The Law (or lack thereof)
It does not help that enforced disappearance is not yet a legal offence in the Thai penal code, nor has Thailand ratified the International Convention for the Protection of All Persons from Enforced Disappearances pending domestic legislation. As Thailand’s Appeals Court ruled, a dead body is required to convict someone for murder, and the victim’s relatives cannot bring a case without proving that the victim is incapable of doing so. However, the very definition of enforced disappearances entails that the victim is missing– thus a body cannot be produced, nor can they bring a case. One does not need to be a legal expert to know that this is convoluted.
The government has acknowledged this, to its credit. The Prayut administration is attempting to remedy this legal loophole with the Prevention and Suppression of Torture and Enforced Disappearance Bill. However, the International Commission of Jurists have expressed concerns over delays as well as inadequate legal provisions on torture and enforced disappearances that do not meet international standards.

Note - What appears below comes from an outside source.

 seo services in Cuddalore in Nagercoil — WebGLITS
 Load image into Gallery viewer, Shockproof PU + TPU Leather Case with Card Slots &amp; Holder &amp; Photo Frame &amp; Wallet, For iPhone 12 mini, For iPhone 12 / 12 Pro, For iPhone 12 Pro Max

Be that as it may, Thailand is still bound by relevant domestic and international laws and principles. Thailand must uphold the rights to liberty, fair trial, legal counsel, equal protection and presumption of innocence – all of which are violated by enforced disappearances. Thailand is bound by the International Covenant on Civil and Political Rights and the Convention against Torture, meaning that Thailand is bound it investigate crimes of torture and enforced disappearances. Thailand is also bound by international customary law, in which many obligations are enshrined. This includes the principle of non-refoulement, meaning that Thailand must ensure that no one will be returned to a country where they risk facing torture.
Given all these frameworks, the Thai criminal justice system can do better. Regardless of the law allegedly broken, each and every Thai has rights that must not be arbitrarily taken away. These disappearances stained our institutions with its failure to provide access to justice for the victims and accountability to those involved.
The government was right when it reaffirmed its duty to protect its citizens from human rights violations, and when they told the international community that they take these cases seriously. Respecting due process with regards to the student activists should be the first step to fulfilling this pledge. Passing the Bill and ratifying the Convention is the next.